But the barrage resumes. Sometimes it’s like a handful of the most impenetrable passages of James Joyce’s stream-of-consciousness—overlaid onto each other. It’s brilliant, it’s fascinating, but it’s difficult to detect any story line at all. How in the world did the actors learn such random-seeming lines? How do they hear their cues in all that cross-talk? Cues? What cues? Almost nothing leads logically to anything else. But there is a universal deep commitment on the part of the actors, and there is that amazing precise discipline and coordination which is a Lucy Cashion hallmark.

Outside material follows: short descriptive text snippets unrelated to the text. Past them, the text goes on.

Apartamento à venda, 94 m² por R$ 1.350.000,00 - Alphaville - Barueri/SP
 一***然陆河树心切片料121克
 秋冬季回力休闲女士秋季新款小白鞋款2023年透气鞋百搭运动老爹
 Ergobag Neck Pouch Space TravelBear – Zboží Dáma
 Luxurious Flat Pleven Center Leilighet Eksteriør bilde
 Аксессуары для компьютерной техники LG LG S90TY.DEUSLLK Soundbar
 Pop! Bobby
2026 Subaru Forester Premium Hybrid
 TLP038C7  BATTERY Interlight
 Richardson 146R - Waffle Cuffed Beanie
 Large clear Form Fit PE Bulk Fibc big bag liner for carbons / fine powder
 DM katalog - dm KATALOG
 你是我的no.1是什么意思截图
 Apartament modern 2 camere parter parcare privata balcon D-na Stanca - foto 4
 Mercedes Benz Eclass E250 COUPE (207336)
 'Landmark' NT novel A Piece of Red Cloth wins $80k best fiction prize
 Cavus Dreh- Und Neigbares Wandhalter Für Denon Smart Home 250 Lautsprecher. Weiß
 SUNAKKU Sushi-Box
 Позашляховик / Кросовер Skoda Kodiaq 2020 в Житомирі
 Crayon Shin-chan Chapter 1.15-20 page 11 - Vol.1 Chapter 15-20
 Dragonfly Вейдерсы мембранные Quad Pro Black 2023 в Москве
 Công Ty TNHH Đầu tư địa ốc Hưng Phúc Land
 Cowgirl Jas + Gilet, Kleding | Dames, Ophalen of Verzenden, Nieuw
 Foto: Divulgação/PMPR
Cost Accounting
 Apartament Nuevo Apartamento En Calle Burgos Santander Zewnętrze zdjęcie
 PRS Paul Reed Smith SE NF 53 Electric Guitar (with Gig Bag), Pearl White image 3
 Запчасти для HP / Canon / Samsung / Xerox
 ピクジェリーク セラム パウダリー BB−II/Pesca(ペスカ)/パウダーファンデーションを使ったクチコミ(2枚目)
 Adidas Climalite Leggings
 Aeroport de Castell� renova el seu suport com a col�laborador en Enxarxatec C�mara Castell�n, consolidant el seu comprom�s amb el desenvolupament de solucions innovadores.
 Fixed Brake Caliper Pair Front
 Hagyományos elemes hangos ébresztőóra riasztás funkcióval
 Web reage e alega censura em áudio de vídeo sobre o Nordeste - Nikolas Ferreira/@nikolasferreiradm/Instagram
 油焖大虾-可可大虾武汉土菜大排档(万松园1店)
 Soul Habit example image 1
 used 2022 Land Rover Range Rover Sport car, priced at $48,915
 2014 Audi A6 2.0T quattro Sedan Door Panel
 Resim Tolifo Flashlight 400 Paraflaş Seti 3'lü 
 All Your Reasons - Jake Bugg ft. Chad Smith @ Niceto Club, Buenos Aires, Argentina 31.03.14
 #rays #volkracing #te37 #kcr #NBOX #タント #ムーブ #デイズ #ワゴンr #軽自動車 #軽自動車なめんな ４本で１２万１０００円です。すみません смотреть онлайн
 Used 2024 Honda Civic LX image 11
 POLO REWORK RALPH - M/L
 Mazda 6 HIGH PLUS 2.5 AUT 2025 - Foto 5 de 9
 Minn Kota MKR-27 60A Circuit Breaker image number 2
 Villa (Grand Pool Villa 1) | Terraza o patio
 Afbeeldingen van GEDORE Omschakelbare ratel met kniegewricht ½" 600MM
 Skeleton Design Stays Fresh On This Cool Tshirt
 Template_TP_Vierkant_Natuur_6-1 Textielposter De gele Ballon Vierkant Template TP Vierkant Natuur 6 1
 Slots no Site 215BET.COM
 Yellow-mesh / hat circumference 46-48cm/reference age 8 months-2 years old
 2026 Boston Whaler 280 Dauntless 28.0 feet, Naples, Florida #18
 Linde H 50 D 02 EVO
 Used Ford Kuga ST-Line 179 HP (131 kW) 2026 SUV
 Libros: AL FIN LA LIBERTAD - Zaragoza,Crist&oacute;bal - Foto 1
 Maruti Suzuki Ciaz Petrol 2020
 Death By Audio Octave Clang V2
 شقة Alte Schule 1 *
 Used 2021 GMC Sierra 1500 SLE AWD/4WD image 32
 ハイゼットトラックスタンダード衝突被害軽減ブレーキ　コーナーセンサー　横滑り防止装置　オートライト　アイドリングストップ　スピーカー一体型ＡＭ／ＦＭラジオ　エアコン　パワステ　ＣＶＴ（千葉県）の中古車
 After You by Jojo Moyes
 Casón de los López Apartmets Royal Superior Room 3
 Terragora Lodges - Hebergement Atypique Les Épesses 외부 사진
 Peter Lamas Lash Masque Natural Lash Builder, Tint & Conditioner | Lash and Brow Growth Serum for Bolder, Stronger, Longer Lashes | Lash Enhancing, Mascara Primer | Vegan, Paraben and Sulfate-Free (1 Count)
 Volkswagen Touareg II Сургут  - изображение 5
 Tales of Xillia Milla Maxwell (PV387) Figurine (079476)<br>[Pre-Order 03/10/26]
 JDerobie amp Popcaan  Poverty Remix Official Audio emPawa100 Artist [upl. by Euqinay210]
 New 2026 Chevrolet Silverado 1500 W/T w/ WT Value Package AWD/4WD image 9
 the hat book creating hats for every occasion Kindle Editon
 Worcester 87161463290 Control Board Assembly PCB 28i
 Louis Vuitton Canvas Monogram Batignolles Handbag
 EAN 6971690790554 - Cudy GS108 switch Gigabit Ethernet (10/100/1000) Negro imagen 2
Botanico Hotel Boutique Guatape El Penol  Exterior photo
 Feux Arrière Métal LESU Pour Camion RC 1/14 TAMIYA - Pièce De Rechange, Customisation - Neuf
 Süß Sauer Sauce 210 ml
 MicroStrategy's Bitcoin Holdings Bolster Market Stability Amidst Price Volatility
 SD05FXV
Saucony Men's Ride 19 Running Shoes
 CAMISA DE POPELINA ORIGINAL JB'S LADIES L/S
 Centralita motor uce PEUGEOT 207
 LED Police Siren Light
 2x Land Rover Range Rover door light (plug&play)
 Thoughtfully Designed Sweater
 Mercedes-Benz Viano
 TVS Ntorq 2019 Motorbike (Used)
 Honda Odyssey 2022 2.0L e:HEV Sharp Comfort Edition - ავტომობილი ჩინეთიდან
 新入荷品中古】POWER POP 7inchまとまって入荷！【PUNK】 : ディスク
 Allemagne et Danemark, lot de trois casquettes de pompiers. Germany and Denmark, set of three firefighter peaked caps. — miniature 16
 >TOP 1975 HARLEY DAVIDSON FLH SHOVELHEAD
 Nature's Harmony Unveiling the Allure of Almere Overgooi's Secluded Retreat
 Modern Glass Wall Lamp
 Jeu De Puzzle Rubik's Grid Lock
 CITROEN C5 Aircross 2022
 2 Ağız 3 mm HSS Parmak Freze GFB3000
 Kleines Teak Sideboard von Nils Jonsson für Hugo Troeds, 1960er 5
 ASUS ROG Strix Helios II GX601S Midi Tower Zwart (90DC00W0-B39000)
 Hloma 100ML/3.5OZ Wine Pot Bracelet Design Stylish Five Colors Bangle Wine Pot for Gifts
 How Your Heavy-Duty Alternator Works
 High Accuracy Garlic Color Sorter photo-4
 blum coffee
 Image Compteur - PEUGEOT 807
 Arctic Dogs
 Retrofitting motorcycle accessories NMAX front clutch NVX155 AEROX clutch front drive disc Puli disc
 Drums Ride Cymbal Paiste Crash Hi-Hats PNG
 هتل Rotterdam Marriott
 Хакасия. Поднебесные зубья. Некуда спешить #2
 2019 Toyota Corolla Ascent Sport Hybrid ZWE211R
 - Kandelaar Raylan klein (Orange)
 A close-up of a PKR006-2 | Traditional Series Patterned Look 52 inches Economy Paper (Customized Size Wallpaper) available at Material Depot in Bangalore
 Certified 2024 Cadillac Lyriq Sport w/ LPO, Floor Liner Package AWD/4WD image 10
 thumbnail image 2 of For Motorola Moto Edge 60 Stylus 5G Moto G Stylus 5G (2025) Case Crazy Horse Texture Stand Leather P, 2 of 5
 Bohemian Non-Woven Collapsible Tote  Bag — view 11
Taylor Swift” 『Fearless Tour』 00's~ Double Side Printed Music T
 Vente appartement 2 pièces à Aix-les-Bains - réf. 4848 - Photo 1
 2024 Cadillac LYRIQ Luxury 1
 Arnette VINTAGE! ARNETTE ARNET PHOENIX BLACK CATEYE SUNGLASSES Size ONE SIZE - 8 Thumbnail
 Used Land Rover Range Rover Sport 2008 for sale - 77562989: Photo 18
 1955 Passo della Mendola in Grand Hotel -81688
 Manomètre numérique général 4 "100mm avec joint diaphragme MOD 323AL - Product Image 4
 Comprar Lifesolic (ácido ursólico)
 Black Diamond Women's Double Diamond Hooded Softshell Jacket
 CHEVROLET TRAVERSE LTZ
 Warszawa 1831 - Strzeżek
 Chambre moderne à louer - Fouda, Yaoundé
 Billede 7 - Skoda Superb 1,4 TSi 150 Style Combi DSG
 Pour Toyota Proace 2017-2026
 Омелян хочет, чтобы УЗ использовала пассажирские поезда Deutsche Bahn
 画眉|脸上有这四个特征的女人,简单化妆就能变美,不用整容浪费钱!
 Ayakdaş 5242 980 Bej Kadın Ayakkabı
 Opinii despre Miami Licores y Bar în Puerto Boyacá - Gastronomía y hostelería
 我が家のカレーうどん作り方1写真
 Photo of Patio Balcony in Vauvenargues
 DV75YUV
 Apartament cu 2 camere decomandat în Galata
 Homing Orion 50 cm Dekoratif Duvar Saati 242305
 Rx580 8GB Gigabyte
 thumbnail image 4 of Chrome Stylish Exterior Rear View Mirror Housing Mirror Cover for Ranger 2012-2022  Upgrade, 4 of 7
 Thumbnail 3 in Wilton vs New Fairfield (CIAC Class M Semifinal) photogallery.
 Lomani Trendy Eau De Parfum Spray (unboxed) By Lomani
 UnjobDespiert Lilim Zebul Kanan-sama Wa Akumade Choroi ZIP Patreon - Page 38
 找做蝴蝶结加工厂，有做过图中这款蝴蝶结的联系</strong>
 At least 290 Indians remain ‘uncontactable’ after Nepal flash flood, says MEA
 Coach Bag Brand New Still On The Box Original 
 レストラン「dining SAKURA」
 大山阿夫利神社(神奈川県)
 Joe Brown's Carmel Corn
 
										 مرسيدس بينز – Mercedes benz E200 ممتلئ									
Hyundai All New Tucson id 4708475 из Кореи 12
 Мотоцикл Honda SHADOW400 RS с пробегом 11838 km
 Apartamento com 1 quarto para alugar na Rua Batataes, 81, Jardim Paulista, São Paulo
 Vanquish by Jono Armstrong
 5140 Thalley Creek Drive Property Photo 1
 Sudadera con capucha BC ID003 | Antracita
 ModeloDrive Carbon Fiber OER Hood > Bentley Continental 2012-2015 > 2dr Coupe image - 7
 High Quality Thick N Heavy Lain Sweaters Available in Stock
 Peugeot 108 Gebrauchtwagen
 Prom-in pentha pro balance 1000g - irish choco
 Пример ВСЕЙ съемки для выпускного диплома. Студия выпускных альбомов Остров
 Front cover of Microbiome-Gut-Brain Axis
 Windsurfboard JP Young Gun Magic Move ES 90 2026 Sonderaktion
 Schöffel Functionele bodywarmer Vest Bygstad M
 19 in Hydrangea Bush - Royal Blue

The cast consists of Miranda Jagels Felix, Rachel Tibbets, Joe Hanrahan, Celeste Gardner, Alicen Moser, Cassidy Flynn, Kayla Bush, Will Bonfiglio, Spencer Lawton, Russ Rubright, Ash Arora, and the above-mentioned Mr. Taylor. It’s an intensely “ensemble” piece, but let me praise a few who did especially fine work: Will Bonfiglio (Ariel) brings a sweet innocence to the role. Alicen Moser makes a forceful and assertive Prospero. Ross Rubright (Antonio) simply commands our attention at every word. Joe Hanrahan’s strong suit is story-telling; yet here, as just an ensemble member, he gives us a fine, crabby Caliban.
Costumes are by Liz Henning and Eric Widner, Lighting by Jayson Lawshee, and music by Joey Taylor.
Mickle Maher’s Spirits to Enforce will leave you exhausted and confused—but there were squeals and shrieks of laughter from the audience. It is indeed “experimental theater”. It continues at the Kranzberg through May 18.